WHAT IS PELVIC PAIN?

Although the answer to this question may seem obvious, this common condition presents very differently. It may have varied underlying causes and can be difficult to treat. It is often seen in association with other problems such as obstructed defecation, which might give some clues to its cause and optimal treatment.

WHAT ARE THE CAUSES?

There are many causes of pain. For some there may be a problem such as an anal fissure or abscess with relatively straightforward (surgical) solutions. For others, the pain may be very occasional and severe but without any obvious underlying cause.

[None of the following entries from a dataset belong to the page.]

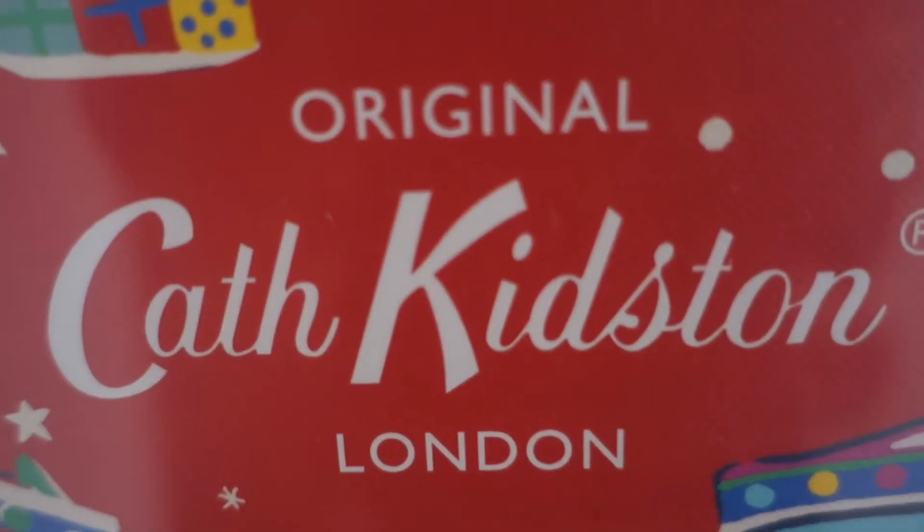Hi guys and welcome to my channel. In today's video I'm obviously doing a Costco haul but I've got some really exciting items that I cannot wait to share with you, so let's just jump right in starting with this Cath Kidson advent calendar.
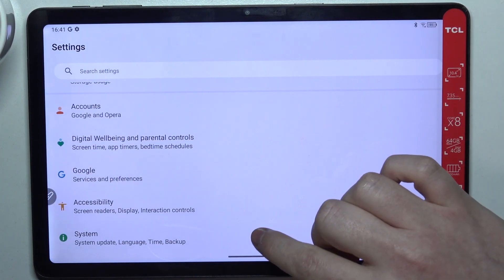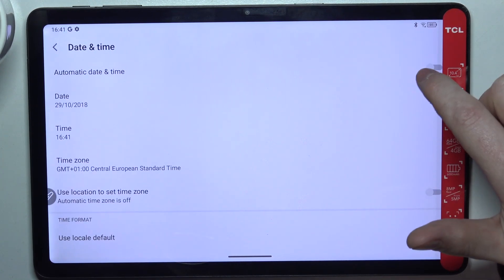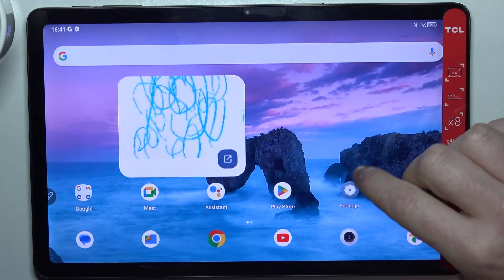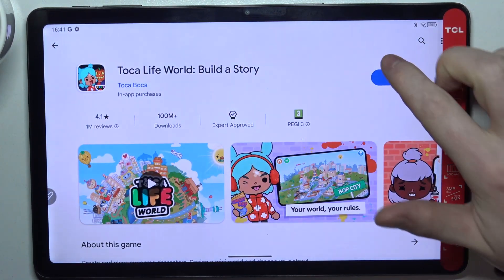To fix it, we'll need to access our Settings, scroll all the way down and go to System, then Date and Time, and enable automatic date and time settings. Now if we go back to Google Play Store and try again, it should work fine.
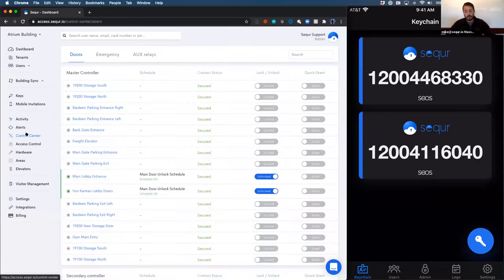In the control center, this is your remote for the building. It allows you to see the status of your doors — whether they're locked or unlocked — and gives you the ability to remotely lock or unlock them. I can simply hit lock, unlock, or quick grant. If I get a call from a vendor who needs access just for a couple of seconds to a single door, I can go in, hit quick grant, unlock the door for five seconds, and lock it back again.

For the remainder, there may be a definite but less obvious explanation, ranging from prolapse to a trapped nerve.

WHAT IS THE TYPICAL PAIN THAT A PATIENT EXPERIENCES?

There is often no typical type of pain, but there may be certain characteristics of the pain that point towards one particular cause, such as:

  • Pelvic heaviness especially on prolonged standing and sometimes combined with lower back or abdominal pain might be a sign of bowel prolapse.
  • Pain worsening on sitting and relieved by standing, can be typical for pudendal nerve entrapment.
  • A very severe spasm-like pain in the anal/perineal area lasting up to 20 minutes, often at night or after opening the bowel. This is known as ‘proctalgia fugax’.

WHAT ARE THE TREATMENTS?

Given that this is such a complex area, it is difficult to generalize with regard to the best treatment. This is likely to involve a number of specialists and techniques. It may involve chronic pain specialists, surgical interventions, nerve blocks and physiotherapy.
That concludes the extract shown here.